|
Японцы требовали 1.200 миллионов иен. — «Хорошо, тогда будем воевать дальше, увидим, чья возьмет». Его уверенный тон и напористость речи действовали на всех. Впрочем, русским приближенным он сам говорил, что война проиграна, что продолжать ее нельзя. «Но разбита не Россия, а наши порядки и мальчишеское управление 140-миллионным населением в последние годы». Все думали, что переговоры кончены. Одна парижская газета обратилась к Рокфеллеру с просьбой: не заплатит ли он из своих средств японцам эти 1.200 миллионов ради спасения мира? Рокфеллер не заплатил. Не заплатил и Витте.
С инструкциями из Петербурга он мало считался. Говорил, что не привык получать наставления. На одну телеграмму министра иностранных дел графа Ламсдорфа ответил «может быть, не совсем деликатно». Приближенным объяснял, что в России реакционеры теперь «дрожат за собственное пузо», а либералы «больны умственной чесоткой». Полагался только на себя, не очень считался с советами Теодора Рузвельта, так что президент предпочитал помимо него телеграфировать царю о необходимости уступок. Довел также до сведения президента, что если на общем завтраке с японцами будет предложен тост за микадо раньше, чем за царя, то он, Витте, «не отнесется к этому спокойно». — Рузвельт произнес тост «за обоих монархов».

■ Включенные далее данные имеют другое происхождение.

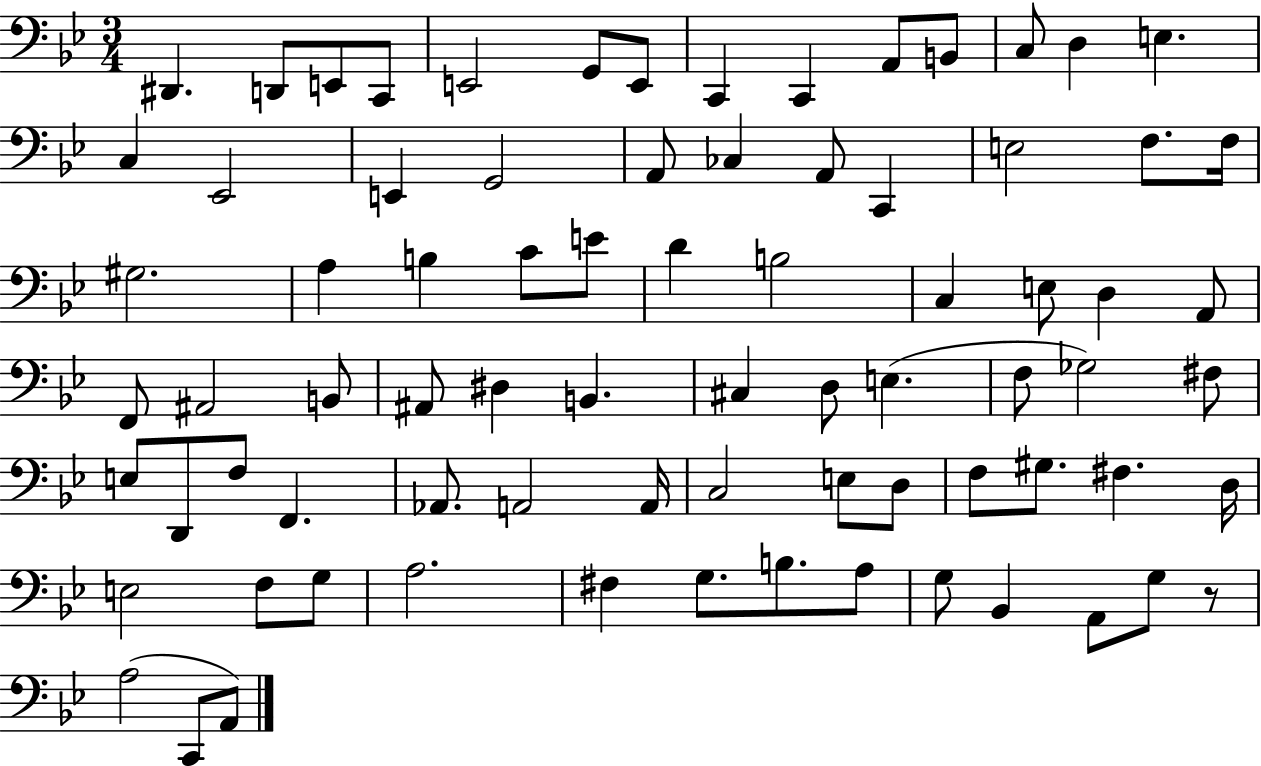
X:1
T:Untitled
M:3/4
L:1/4
K:Bb
^D,, D,,/2 E,,/2 C,,/2 E,,2 G,,/2 E,,/2 C,, C,, A,,/2 B,,/2 C,/2 D, E, C, _E,,2 E,, G,,2 A,,/2 _C, A,,/2 C,, E,2 F,/2 F,/4 ^G,2 A, B, C/2 E/2 D B,2 C, E,/2 D, A,,/2 F,,/2 ^A,,2 B,,/2 ^A,,/2 ^D, B,, ^C, D,/2 E, F,/2 _G,2 ^F,/2 E,/2 D,,/2 F,/2 F,, _A,,/2 A,,2 A,,/4 C,2 E,/2 D,/2 F,/2 ^G,/2 ^F, D,/4 E,2 F,/2 G,/2 A,2 ^F, G,/2 B,/2 A,/2 G,/2 _B,, A,,/2 G,/2 z/2 A,2 C,,/2 A,,/2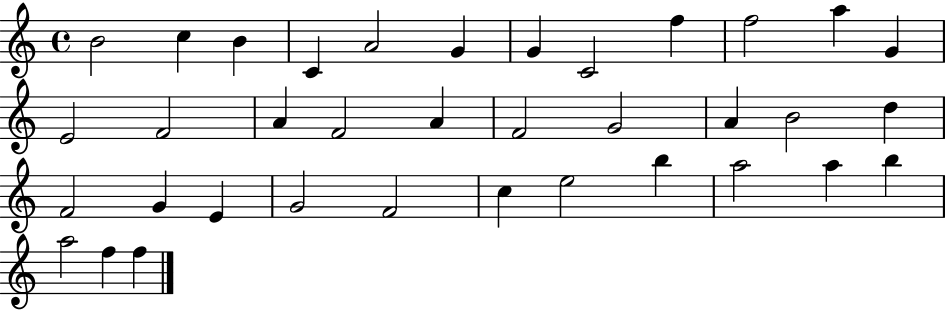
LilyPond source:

{
  \clef treble
  \time 4/4
  \defaultTimeSignature
  \key c \major
  b'2 c''4 b'4 | c'4 a'2 g'4 | g'4 c'2 f''4 | f''2 a''4 g'4 | \break e'2 f'2 | a'4 f'2 a'4 | f'2 g'2 | a'4 b'2 d''4 | \break f'2 g'4 e'4 | g'2 f'2 | c''4 e''2 b''4 | a''2 a''4 b''4 | \break a''2 f''4 f''4 | \bar "|."
}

Газеты везде теперь писали о Витте больше, чем о каком-либо другом человеке на земле. Он становился мировой фигурой и с гордостью думал, что это очень давно не выпадало на долю русских государственных людей. Под конец своего пребывания в Соединенных Штатах Витте стал так популярен, что и политические симпатии от японцев перешли к России. На параде военной школы в его присутствии будущие американские офицеры, позабыв о присутствовавших японцах, прошли церемониальным маршем с пением русского гимна. А на богослужении, при выходе из церкви огромная толпа неожиданно запела «Боже царя храни», и люди совали в карманы Витте подарки на память, кто безделушки, а кто и драгоценные камни.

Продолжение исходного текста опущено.